_Supplied information:_

■ ■ ■ ■ ■

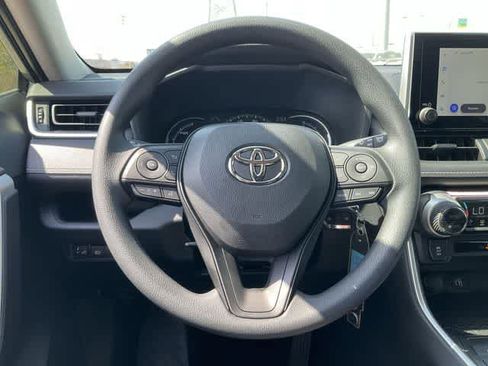 Used 2025 Toyota RAV4 LE image 19
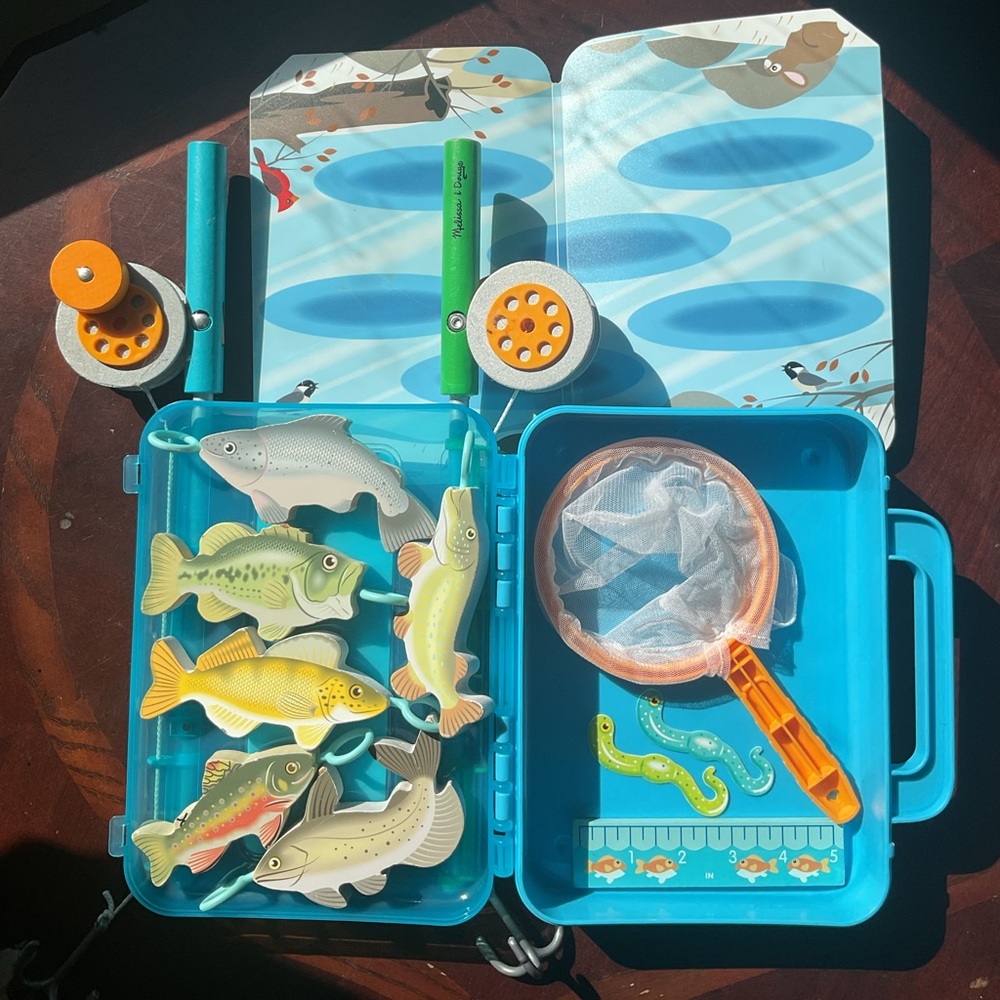 Melissa&Doug Fishing Set: 2 fishing rods, 6 fish 2 lures mat landing net ruler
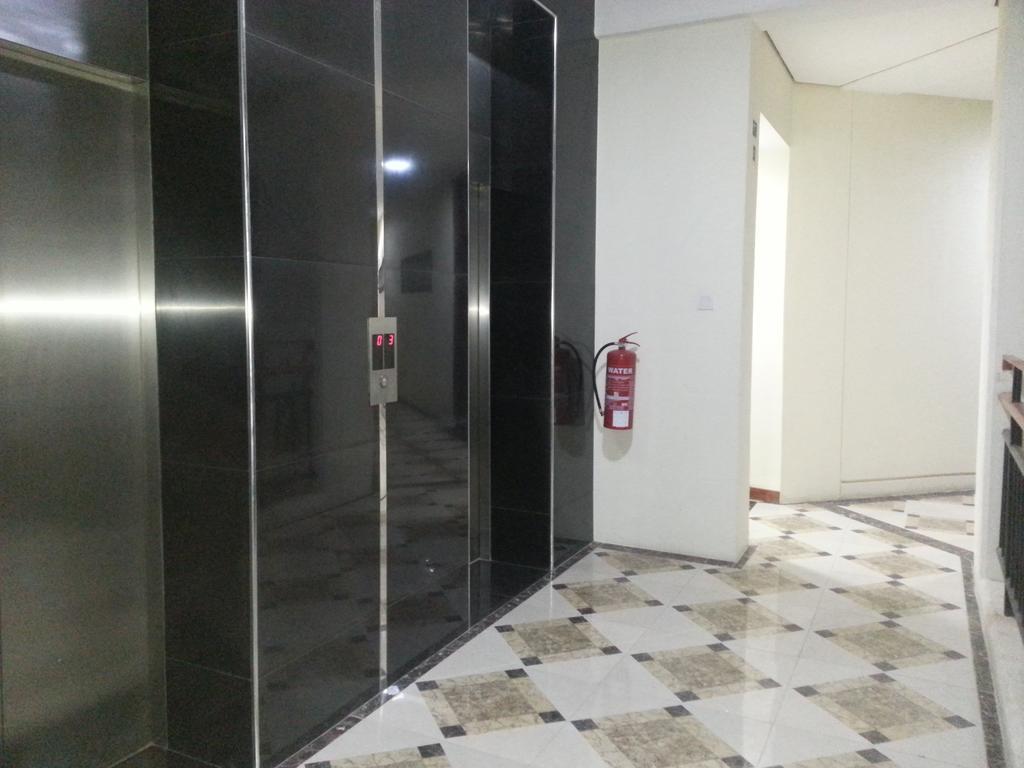 Al Hamra Plaza Apartment Manama Exterior photo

■ ■ ■ ■ ■

_Work item:_ Type out the data above again exactly as written, minus the images.

_Solution to this problem:_
 Used 2025 Toyota RAV4 LE image 19
 Melissa&Doug Fishing Set: 2 fishing rods, 6 fish 2 lures mat landing net ruler
 Al Hamra Plaza Apartment Manama Exterior photo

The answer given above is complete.